A Convivial Love Affair

Today marks the 8th Wedding Anniversary for my husband, Martin and I. To commemorate this sacred day, here’s our story…

We met on Halloween Day 1998. I vaguely recall his face, but clearly remember his spirit. It was convivial. Our first dance was to a song called, Oye Mi Amor (Hey My Love) by the Spanish Rock group, Mana. We jumped wildly and danced together while belting out these lyrics: Hey my love…don’t tell me no…let’s get together…and join our souls…join our bodies…

To listen to the full song, CLICK HERE.

I didn’t want to give him my number, because I had strictly gone out that night with the intention to dance my ass off and walk away with the memory of it all. Fortunately, I broke my own rule. Something in him called something in me. It was never about appearances with us, but instead this sense of being high on life and experiencing an energy so contagious that we couldn’t ignore the potential for more opportunities together. I felt light on my feet as I thought

Hmm…he’s interesting…I’m interesting…we could be interesting together.

The chemistry was there from the get-go. I felt extremely vulnerable around him. I’m not someone to open up so quickly, but Martin broke me of that. He could see me in ways I wasn’t ready for him to see. His look was piercing. When we talked, he would stare at me- like, literally, hold his face with one hand and stare at me with a big smile on his face. It was awkward, uncomfortable, and strangely delightful. I felt exposed and his presence was unnerving. Eventually, we left logic by the wayside and allowed the heart to take control of the wheel.

One night after a party, we danced near a fully lit Christmas tree in the vacant parking lot of a small shopping strip. As Martin held me close, he said, “Think of your favorite romantic song and I’ll think of mine. Don’t tell me what it is- let’s just dance to them right here, right now and maybe one day we’ll reveal them to each other…” (Oh God! The sappy inner mean girl in me wants to gag at all this mushy romance stuff. Shush girl!) We weren’t even boyfriend and girlfriend yet, but suddenly

I envisioned him and I dancing on our wedding day.

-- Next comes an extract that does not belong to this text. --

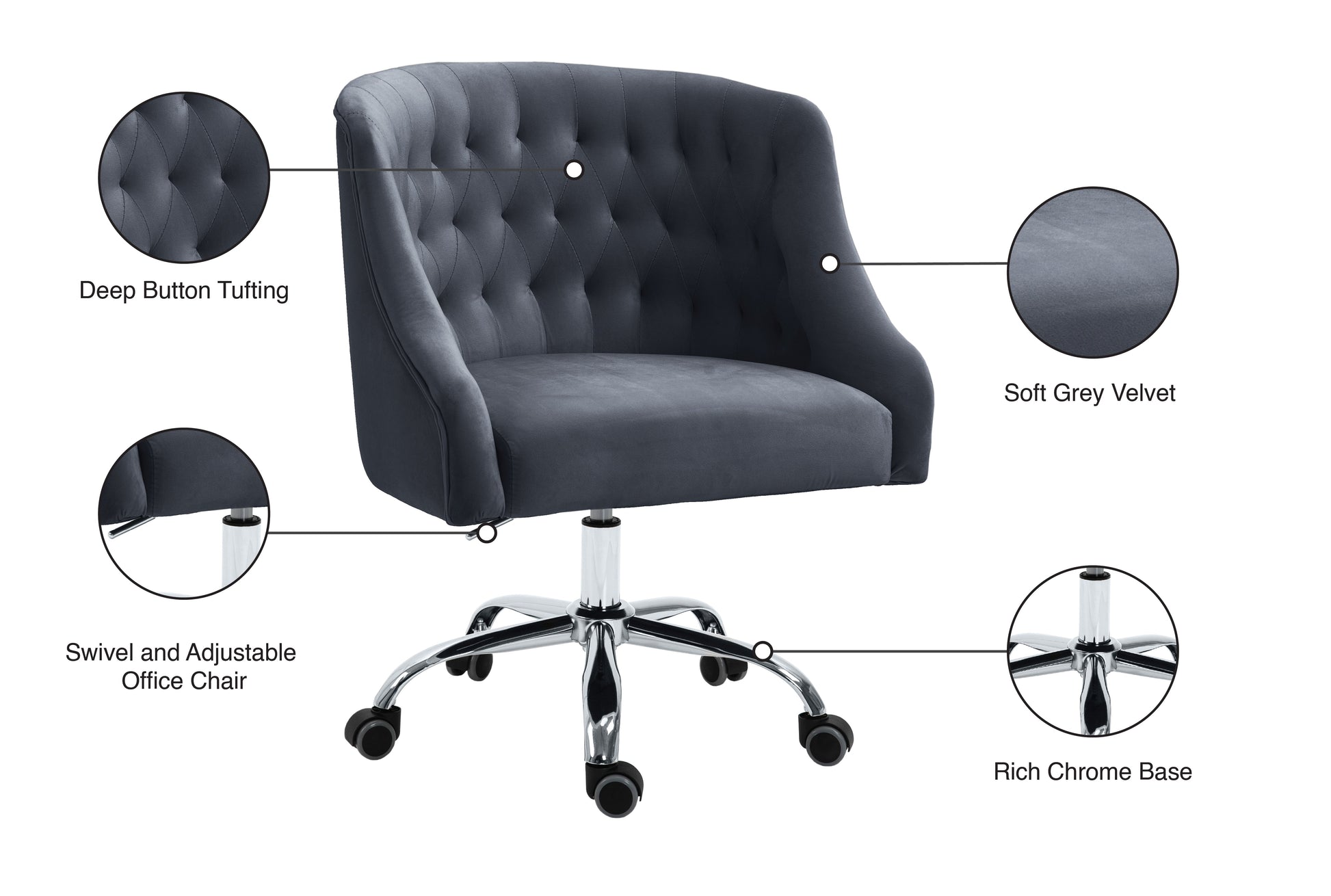 Arden Velvet Office Chair - Furniture Depot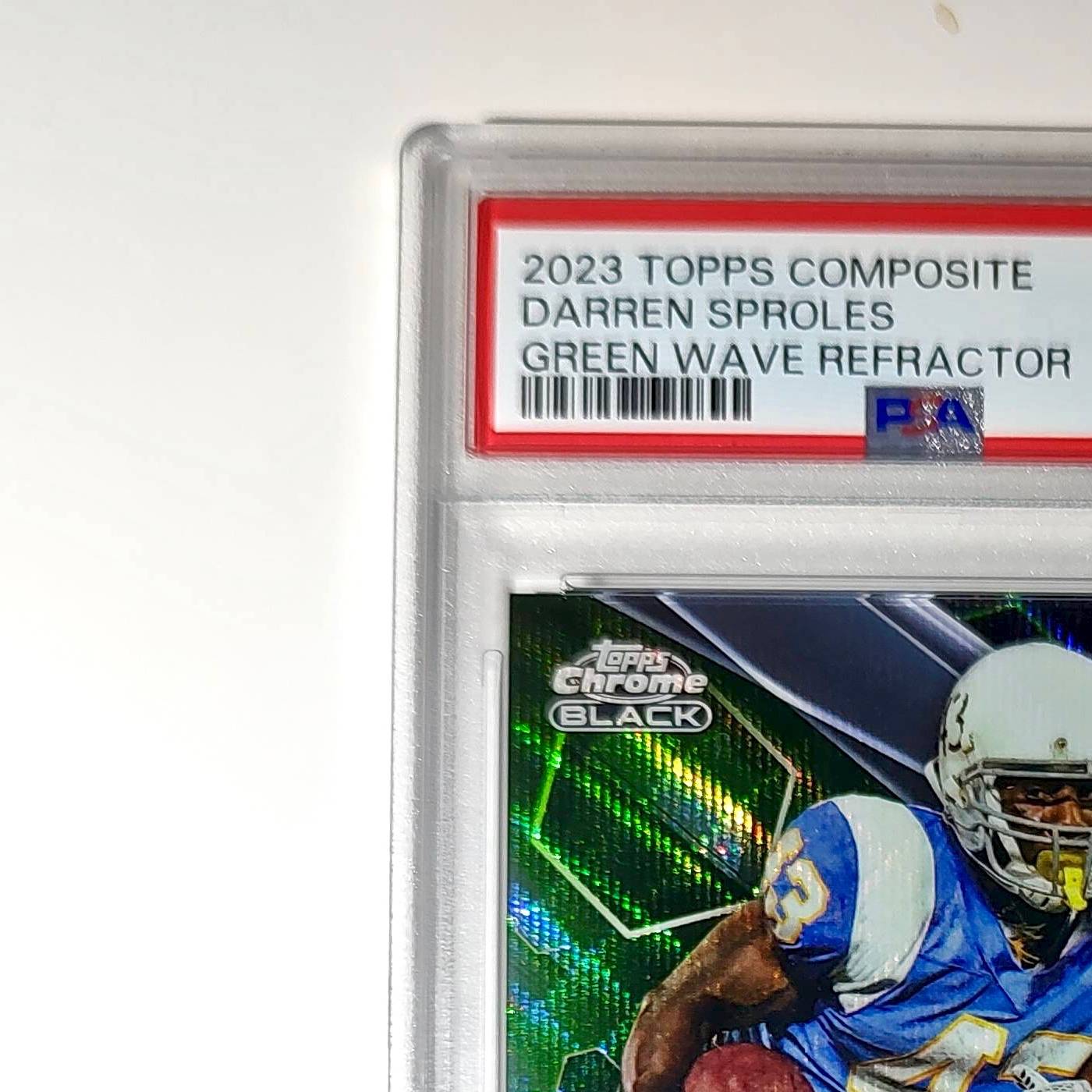 Darren Sproles 2023 Topps Chrome Black #143 Green Wave Refractor 52/99 PSA 9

So I tried to think of my favorite romantic song and Peter Gabriel’s In Your Eyes rushed to the forefront. What? That can’t be right, I thought. I tried to deny the song, because it seemed Shania Twain’s You’re Still The One or Celine Dion’s Titanic song were more ideal for this request. Neither of those felt right, so I went with my gut and let Peter Gabriel sing in my head as I slow-danced with Martin.

It wasn’t long after that I was driving down the highway and In Your Eyes came on the radio. I’d never paid close attention to the song and was surprised to hear Peter sing these specific lyrics:

In Your Eyes…
The light
The heat
I am complete
I see the doorway
of a thousand churches
the resolution
to all my fruitless searches…

I couldn’t help to think, “Wow…could this guy be the resolution to all my fruitless searches?” After four years of dating, that turned out to be the case.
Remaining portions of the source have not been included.